### Exercise objective
Once the line holding "Bedspread (quilt) 180" appears, repeat it and each line after it to the end of the data, exactly and with nothing else; pictures stay out.

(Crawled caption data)
■ ■ ■ ■ ■ ■ ■
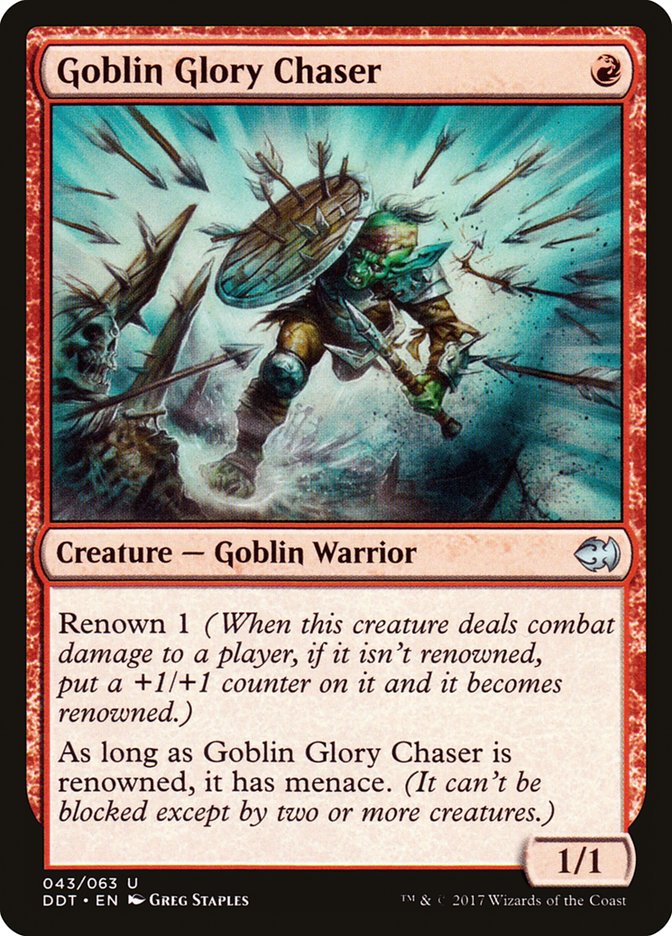 Goblin Glory Chaser [Duel Decks: Merfolk vs. Goblins] | Golgari Games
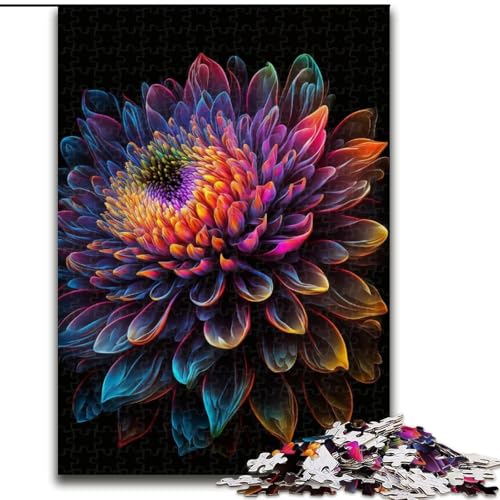 1000-teiliges Puzzle, schöne Blume, Holzpuzzle für Teenager, Familien-Lernspiele, Heimdekoration, Geschenk (Größe 50x75cm) von WGLINGX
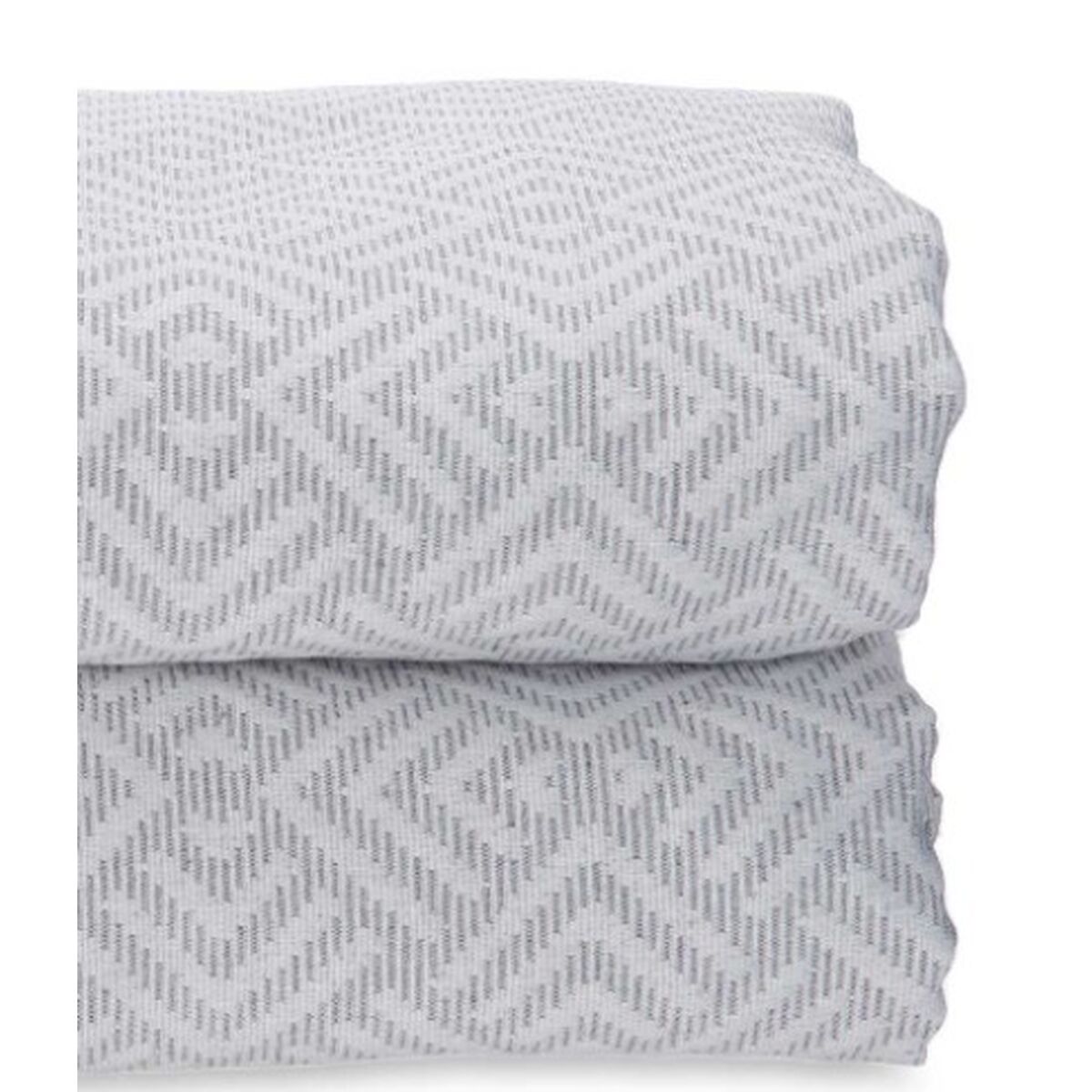 Bedspread (quilt) 180 x 260 cm Geometric Grey (4 Units)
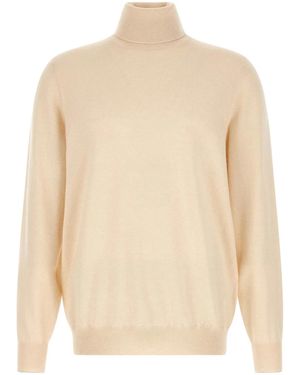 Brunello Cucinelli Cashmere Turtleneck Jumper - Natural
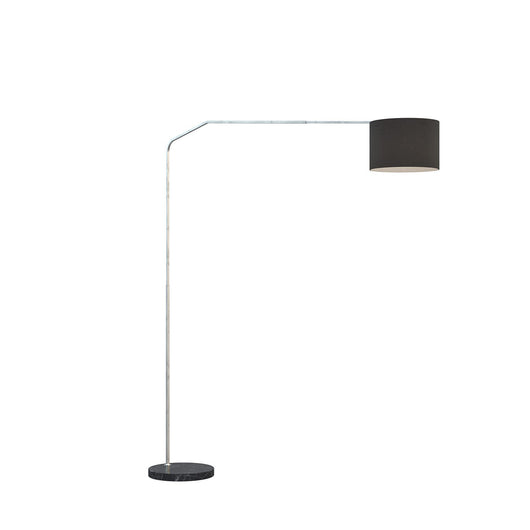 Piantana Contemporanea Slope Marmo Piatto E Tessuto Nero 1 Luce E27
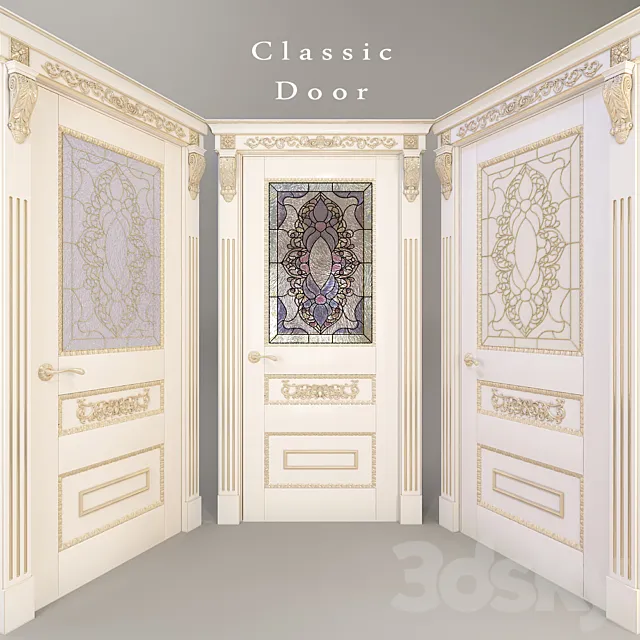 Door_Classic 3D Model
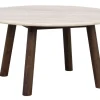 Rowico Taransay sohvapöytä Ø90cm, beige/ruskea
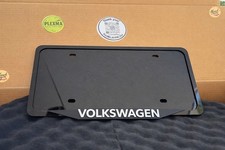 Volkswagen 3d License Plate Frame Glossy Black Acrylic Handmade In Usa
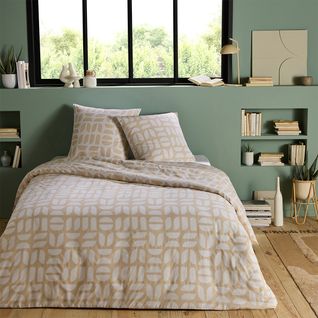 Parure De Lit 2 Personnes Polycoton 240x220cm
■ ■ ■ ■ ■ ■ ■
### Result of the exercise
 Bedspread (quilt) 180 x 260 cm Geometric Grey (4 Units)
 Brunello Cucinelli Cashmere Turtleneck Jumper - Natural
 Piantana Contemporanea Slope Marmo Piatto E Tessuto Nero 1 Luce E27
 Door_Classic 3D Model
 Rowico Taransay sohvapöytä Ø90cm, beige/ruskea
 Volkswagen 3d License Plate Frame Glossy Black Acrylic Handmade In Usa
 Parure De Lit 2 Personnes Polycoton 240x220cm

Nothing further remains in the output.